Stored data entries:
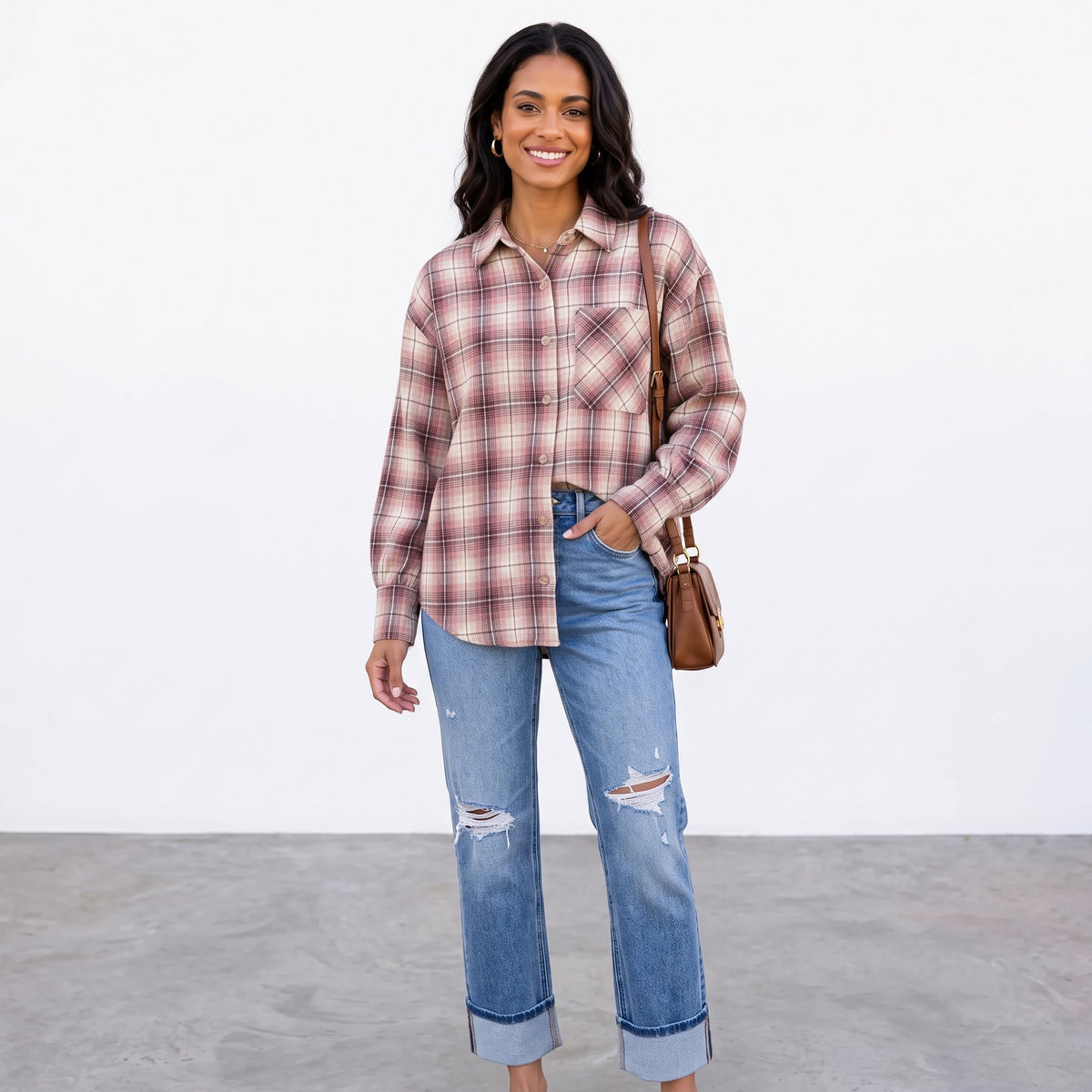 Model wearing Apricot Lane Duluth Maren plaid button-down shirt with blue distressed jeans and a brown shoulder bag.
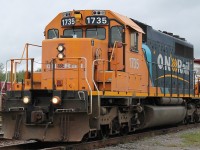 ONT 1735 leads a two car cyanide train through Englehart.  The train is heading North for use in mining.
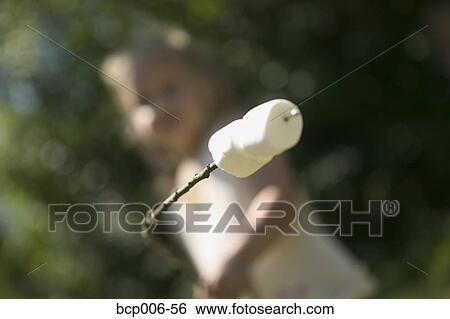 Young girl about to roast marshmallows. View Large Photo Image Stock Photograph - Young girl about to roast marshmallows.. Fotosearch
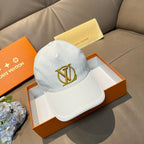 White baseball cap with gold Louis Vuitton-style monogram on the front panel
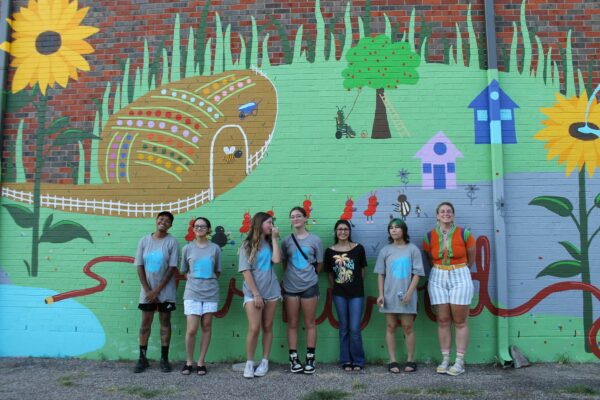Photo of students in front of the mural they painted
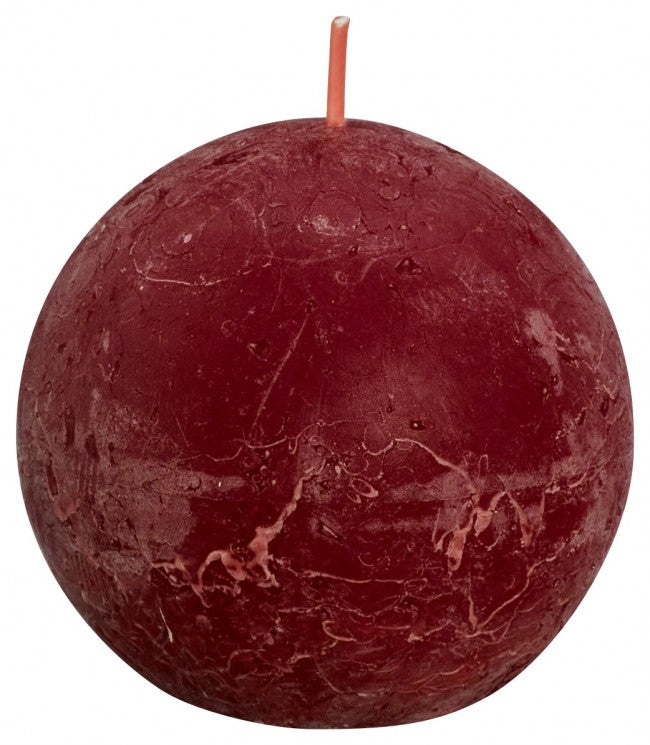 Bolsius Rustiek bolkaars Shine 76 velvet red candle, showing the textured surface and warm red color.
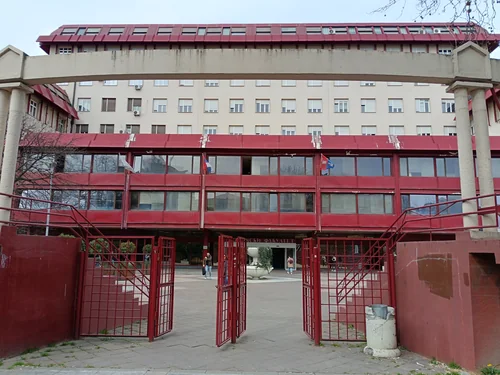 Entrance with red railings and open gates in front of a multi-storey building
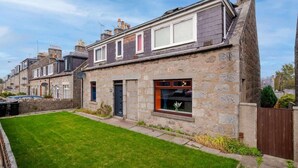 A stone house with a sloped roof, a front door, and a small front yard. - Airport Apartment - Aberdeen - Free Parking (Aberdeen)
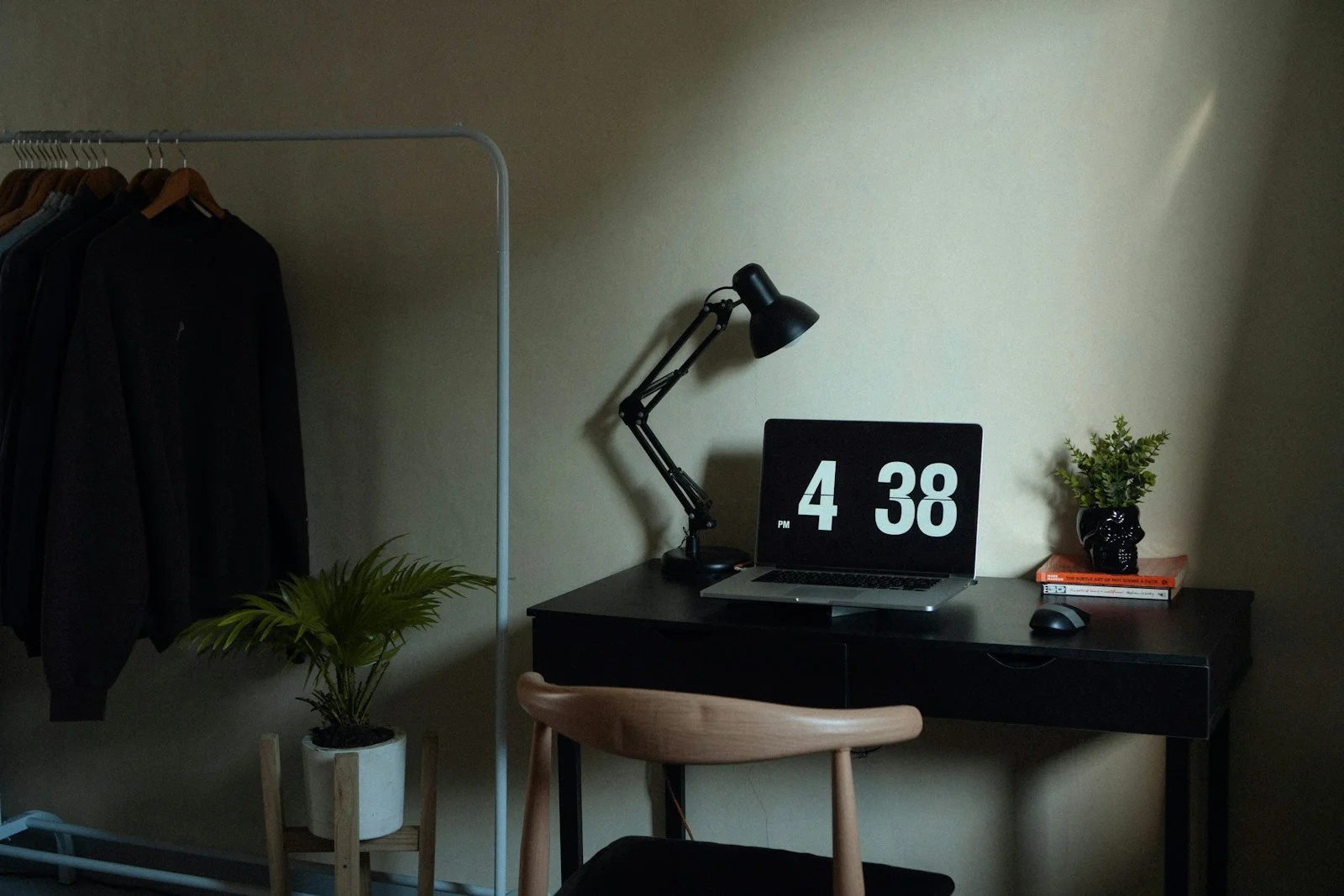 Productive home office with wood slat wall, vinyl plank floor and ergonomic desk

- **Task statement**
Please hand back every entry above exactly, with no images in the copy.

- **Exercise solution**
 Model wearing Apricot Lane Duluth Maren plaid button-down shirt with blue distressed jeans and a brown shoulder bag.
 ONT 1735 leads a two car cyanide train through Englehart.  The train is heading North for use in mining.
 Young girl about to roast marshmallows. View Large Photo Image Stock Photograph - Young girl about to roast marshmallows.. Fotosearch
 White baseball cap with gold Louis Vuitton-style monogram on the front panel
Photo of students in front of the mural they painted
 Bolsius Rustiek bolkaars Shine 76 velvet red candle, showing the textured surface and warm red color.
 Entrance with red railings and open gates in front of a multi-storey building
 A stone house with a sloped roof, a front door, and a small front yard. - Airport Apartment - Aberdeen - Free Parking (Aberdeen)
 Productive home office with wood slat wall, vinyl plank floor and ergonomic desk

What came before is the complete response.